Likewise, a second symbol, the dollar sign, stands for and symbolizes a green piece of paper. Or, in American culture, it could symbolize power. We associate power, prestige, worthiness, success, winning with money.
Thirdly, the word tree. And I have here my beautiful, artistic rendition of a tree. That thing out there in the world. Tall, it grows, that's a tree. We call it a tree.
So symbols are arbitrary and conventional, meaning that there is no necessary link between this symbol, tree, and this thing out there in the environment. So really culture is just a set of symbols, a very important set of symbols, though. It's not just a set. And we learn this symbolic set-- the culture of our society-- we learn the symbolic set through cultural transmission, which is the social process through which children come to adopt the ways of thinking, feeling, and behaving that are considered appropriate of adults in their culture.
Language is the heart, the absolute central heart of the symbolic system of culture. And it's really the heart of human society itself. Language, then, is the symbolic system that facilitates human-to-human communication and sharing. You may be thinking, this is sociology. Why are we going to look at language? Well, some scholars have even argued that language is what defines society and gives us a sense of community at all. What makes society possible?
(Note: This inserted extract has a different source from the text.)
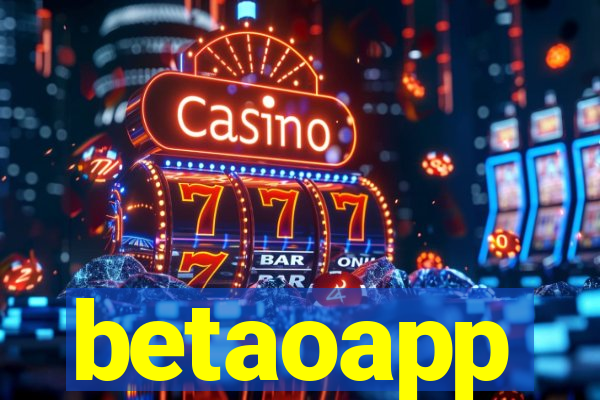 betaoapp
So, for instance, Benedict Anderson gave us this idea of an imagined community. The US is an imagined community. We never see each other face-to-face, and the country is 3,000 miles across. But yet we still have this sense of fellow feeling. Why is that? How is that? Well, it's because we share the same symbolic code. The symbols I had on the board earlier, we all share those referents, and we share the symbolic code that is encoded in language itself. You're much less likely to feel a sense of community and camaraderie with someone who doesn't speak your language. And in America, this can fuel hate when somebody who doesn't speak your language, you're interacting with. So language and symbolism are very powerful things, and they're really what makes us human.
Language is so important that some have even argued that our linguistic systems structure our thinking. For instance, I can only think in English. And the categories of the English language are the way that I see and understand the world. Does this affect my consciousness? Scholars have long debated this. They have long wondered the effect of language on human consciousness and thought patterns. What effect does this have?
Well, the Sapir-Whorf Hypothesis answers this question in the affirmative. The Sapir-Whorf Hypothesis is the claim that culture and the thought patterns of a people are strongly influenced by the language that they speak. To give you an example, in America, we call snow snow. Or maybe there's slush. But that's it. There's two categories of snow. That's it.
Contrast that with the Inuit, who anthropologist have documented have up to eight words for snow. Does this make the Inuit more perceptive? Would an Inuit person see varieties of snow in Minnesota where a Minnesotan only sees snow? These are interesting questions. I think it's fascinating to think about the interaction of language, consciousness, and culture. But it's really difficult to disassociate these three things in any way that can be studied scientifically.
So there is much debate about the scientific validity of the Sapir-Whorf Hypothesis. Nonetheless, it's a very interesting hypothesis. So we bring it up in reference to language, symbolism, and culture. Well I hope you enjoyed this tutorial. Have a great day.